- _What is expected_
Using the entries below, write out the line with "İcarəyə verilir 3", the line with "APPBIPA Sumbar: Calon", and every line in between, exactly as each is written.

BEGIN Data

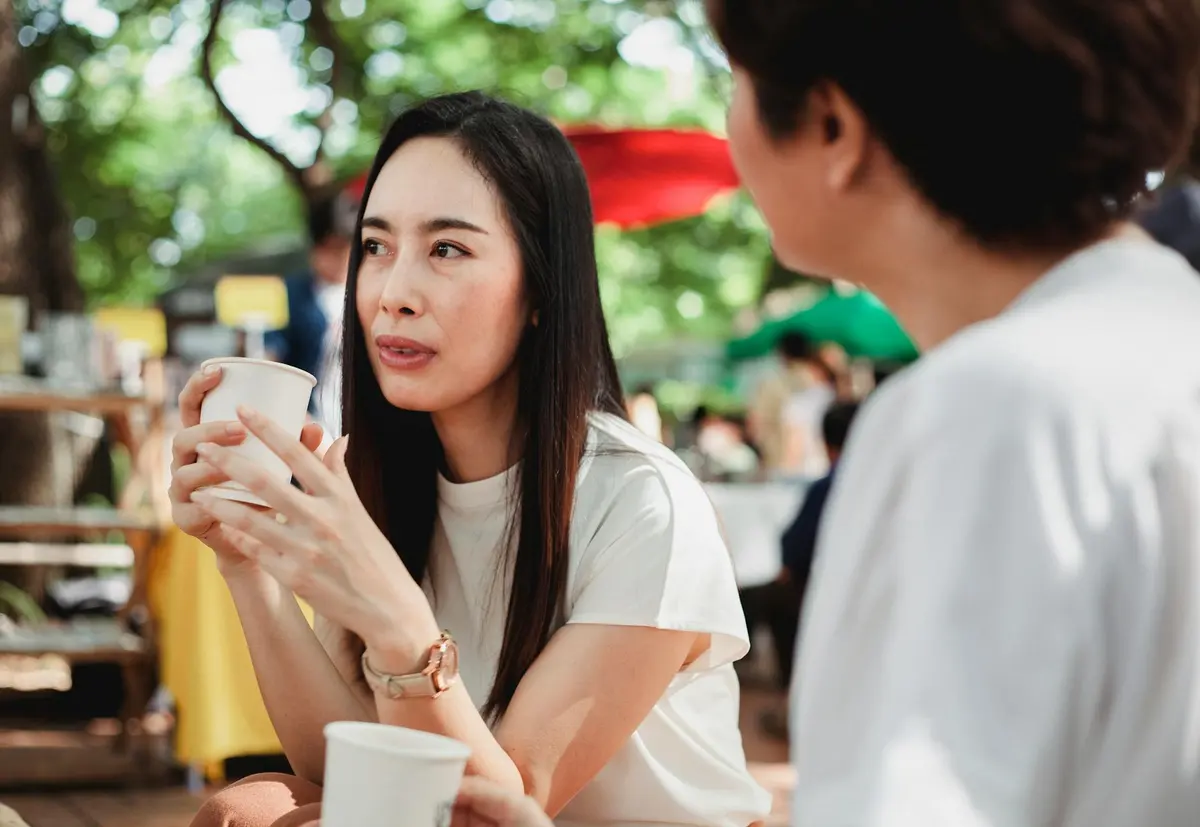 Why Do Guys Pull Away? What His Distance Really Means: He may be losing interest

END Data
BEGIN Data

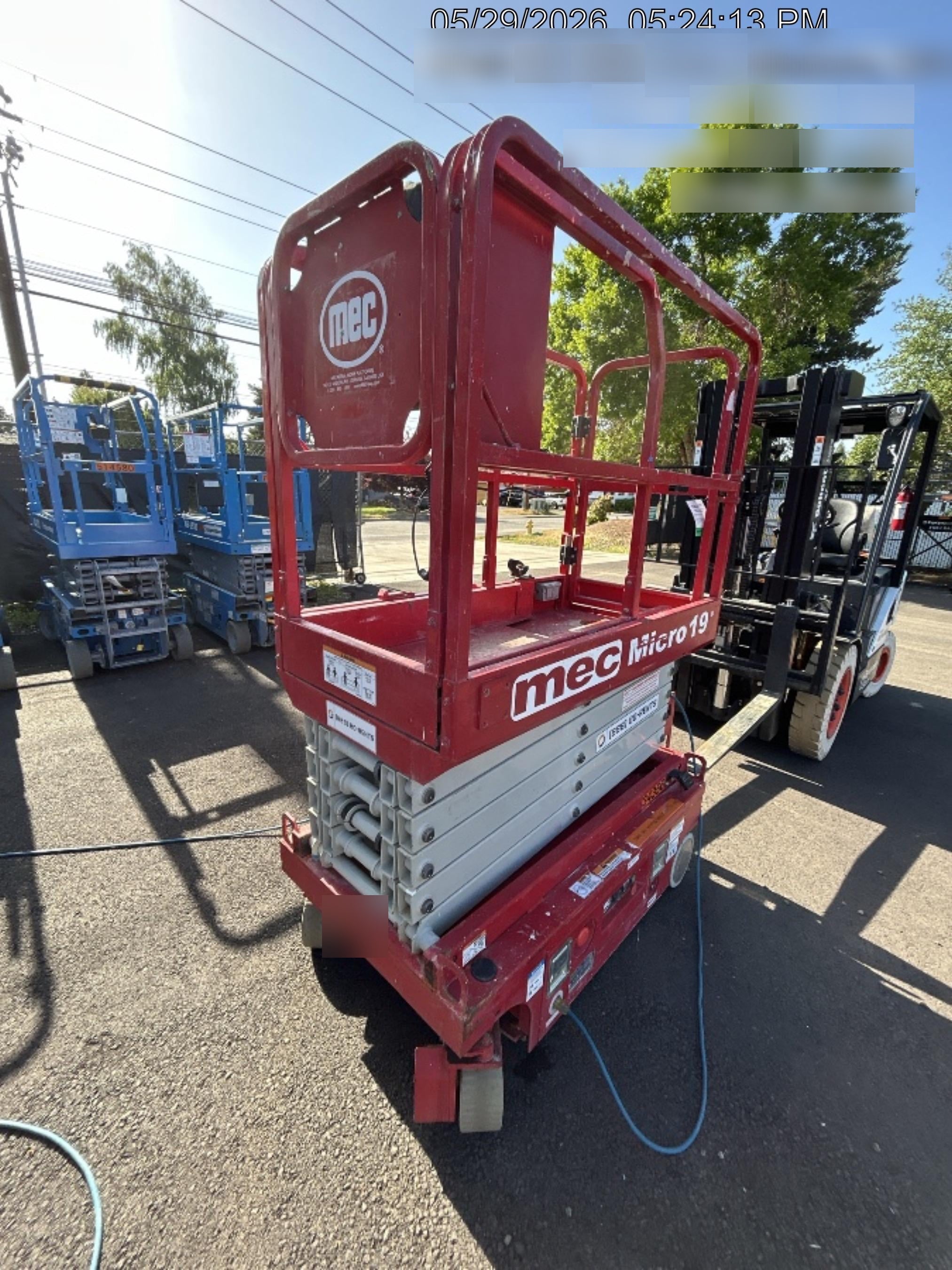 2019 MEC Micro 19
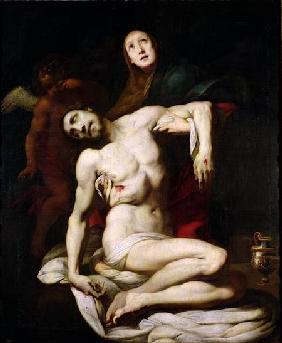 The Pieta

END Data
BEGIN Data

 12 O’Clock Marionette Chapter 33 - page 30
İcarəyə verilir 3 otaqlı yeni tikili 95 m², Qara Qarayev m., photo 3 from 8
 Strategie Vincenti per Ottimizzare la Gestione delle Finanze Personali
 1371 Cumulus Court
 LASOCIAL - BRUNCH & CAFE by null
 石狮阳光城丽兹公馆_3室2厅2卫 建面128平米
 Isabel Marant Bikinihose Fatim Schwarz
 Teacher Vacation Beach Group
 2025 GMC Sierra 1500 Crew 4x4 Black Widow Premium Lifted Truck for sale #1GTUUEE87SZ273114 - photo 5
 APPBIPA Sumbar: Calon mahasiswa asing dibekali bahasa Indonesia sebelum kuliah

END Data

- _Result_
İcarəyə verilir 3 otaqlı yeni tikili 95 m², Qara Qarayev m., photo 3 from 8
 Strategie Vincenti per Ottimizzare la Gestione delle Finanze Personali
 1371 Cumulus Court
 LASOCIAL - BRUNCH & CAFE by null
 石狮阳光城丽兹公馆_3室2厅2卫 建面128平米
 Isabel Marant Bikinihose Fatim Schwarz
 Teacher Vacation Beach Group
 2025 GMC Sierra 1500 Crew 4x4 Black Widow Premium Lifted Truck for sale #1GTUUEE87SZ273114 - photo 5
 APPBIPA Sumbar: Calon mahasiswa asing dibekali bahasa Indonesia sebelum kuliah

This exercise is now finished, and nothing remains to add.